Re: Xtables2 Netlink spec

Pablo Neira Ayuso <pablo@xxxxxxxxxxxxx> · Thu, 25 Nov 2010 15:21:02 +0100

On 25/11/10 14:35, Jan Engelhardt wrote:

On Thursday 2010-11-25 12:42, Pablo Neira Ayuso wrote:

nfxt_socket = socket(AF_NETLINK, SOCK_RAW, NETFILTER_XTABLES);

This has to go upon nfnetlink as other netfilter subsystems.

Why so? It is not like Netlink protocols were limited to 32 AFAICS.
Also as told, nfnetlink is not fit for parsing netlink messages where
an attribute type appears more than once. If anything, I would look
into genetlink, though that also starts to look like it cannot do
that.

All netfilter subsystems must go over nfnetlink, dot.

If you are repeating the same attribute in one message, it means that 
you have to split your data into several messages.

The Xtables2 Netlink protocol however encodes each node as a
standalone attribute, to be called Flat Encoding, that is
appended (a. k. a. âchainedâ) to the data stream. This makes it
possible to split requests and dumps at a finer level than
encapsulation would. Above all, it gets extensions the guarantee
to have data blocks of a minimum guaranteed size.

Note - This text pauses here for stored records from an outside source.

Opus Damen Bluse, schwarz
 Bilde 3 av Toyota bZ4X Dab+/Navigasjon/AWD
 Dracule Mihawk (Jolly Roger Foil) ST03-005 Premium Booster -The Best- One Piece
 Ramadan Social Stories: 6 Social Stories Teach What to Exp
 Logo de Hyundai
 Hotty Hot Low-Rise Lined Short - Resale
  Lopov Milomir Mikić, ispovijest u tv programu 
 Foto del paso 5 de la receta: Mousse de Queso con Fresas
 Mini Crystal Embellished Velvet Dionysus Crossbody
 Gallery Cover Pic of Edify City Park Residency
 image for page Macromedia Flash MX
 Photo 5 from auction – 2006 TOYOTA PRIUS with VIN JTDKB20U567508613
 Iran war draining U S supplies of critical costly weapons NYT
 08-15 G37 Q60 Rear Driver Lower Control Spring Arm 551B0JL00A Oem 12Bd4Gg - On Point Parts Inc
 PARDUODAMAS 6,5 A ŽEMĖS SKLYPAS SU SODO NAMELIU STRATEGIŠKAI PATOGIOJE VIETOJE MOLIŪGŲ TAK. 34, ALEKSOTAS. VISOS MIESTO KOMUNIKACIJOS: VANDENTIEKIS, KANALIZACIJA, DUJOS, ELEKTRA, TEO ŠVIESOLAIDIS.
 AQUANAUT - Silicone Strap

Since Netlink messages do have a 32-bit quantity to store the
message length, rulesets of roughly up to 4 GB are possibile,
which is currently regarded as sufficient. The largest (and
meaningful) rulesets seen to date in the industry weighed in at
approximately 150 MB.

You can split data into several messages and avoid this limitation.

Netlink may have support for splitting messages, but not really
splitting data. So I am just splitting messages at attribute
boundaries like everyone else.

Whereas attribute nesting automatically provided for boundaries,
this is realized using a dummy attribute in the chained approach.
Certain attributes can start such a flattened nesting, and
NFXTA_STOP terminates it.

I don't like this trailing attribute, see below.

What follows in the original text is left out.